**AIM OF THE EXERCISE**
Extract the stretch of lines that starts at the line with "A boy plays" and ends at the last line of the data below. Give it exactly, without pictures.
--- DATA EXTRACT Enclosed Below ---
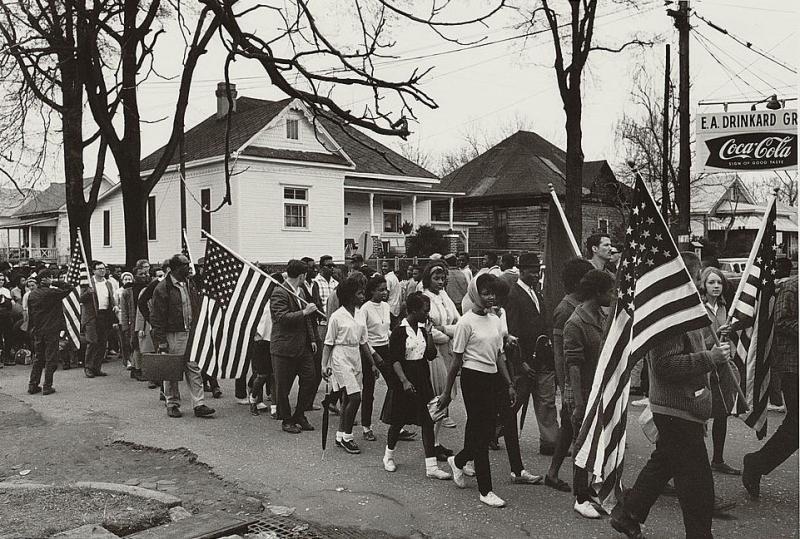 Participants, some carrying American flags, marching in the civil rights march, 1965 Participants, some carrying American flags, marching in the civil rights march, 1965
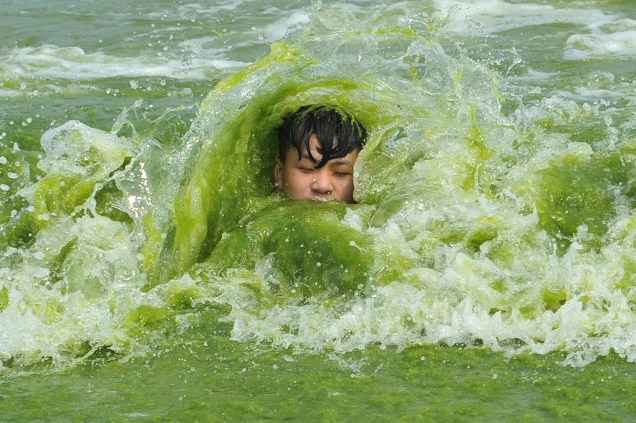 A boy plays on a algae-covered beach in Qingdao, Shandong province, China, July 18, 2016. Picture taken July 18, 2016. REUTERS/Stringer ATTENTION EDITORS - THIS PICTURE WAS PROVIDED BY A THIRD PARTY. EDITORIAL USE ONLY. CHINA OUT. NO COMMERCIAL OR EDITORIAL SALES IN CHINA.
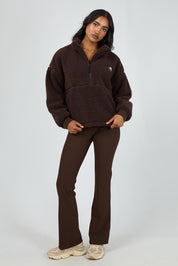 A model wearing the Amara Quarter Zip Teddy in colour Brown, from the front, showing the whole outfit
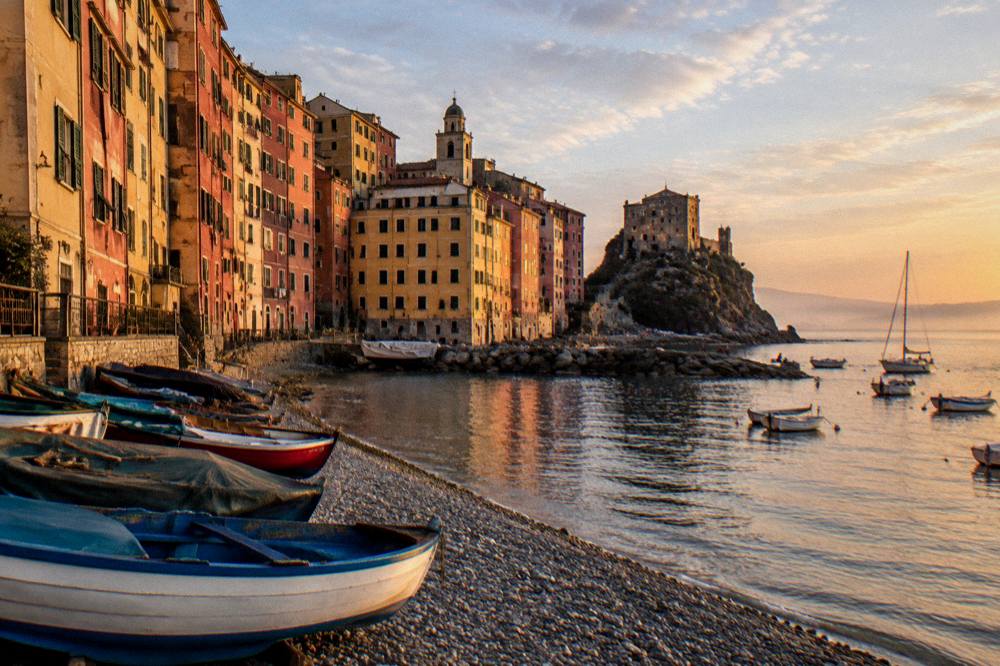 Golden evening light on a harbour with painted buildings and moored boats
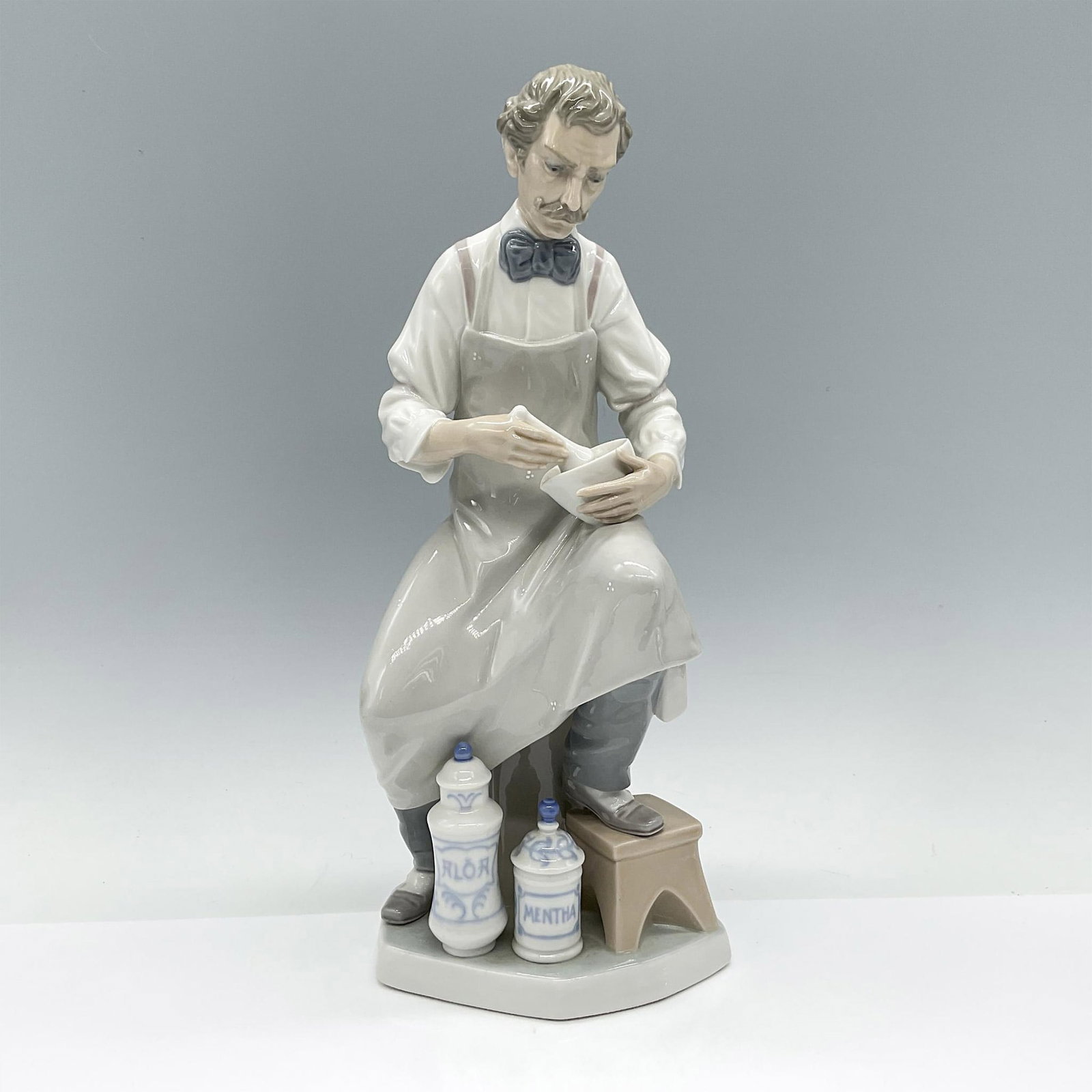 Lladro Porcelain Figurine Pharmacist 1004844: Beautiful figurine made with subtle colored hues and glossy finish. Lladro backstamp. Artist: Salvador Furio Issued: 1973-1985 Dimensions: 5.5"L x 5.5"W x 12.5"H Manufacturer: Lladro Country of Origi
--- End of Enclosed DATA EXTRACT ---
**REPLY TO THE EXERCISE**
 A boy plays on a algae-covered beach in Qingdao, Shandong province, China, July 18, 2016. Picture taken July 18, 2016. REUTERS/Stringer ATTENTION EDITORS - THIS PICTURE WAS PROVIDED BY A THIRD PARTY. EDITORIAL USE ONLY. CHINA OUT. NO COMMERCIAL OR EDITORIAL SALES IN CHINA.
 A model wearing the Amara Quarter Zip Teddy in colour Brown, from the front, showing the whole outfit
 Golden evening light on a harbour with painted buildings and moored boats
 Lladro Porcelain Figurine Pharmacist 1004844: Beautiful figurine made with subtle colored hues and glossy finish. Lladro backstamp. Artist: Salvador Furio Issued: 1973-1985 Dimensions: 5.5"L x 5.5"W x 12.5"H Manufacturer: Lladro Country of Origi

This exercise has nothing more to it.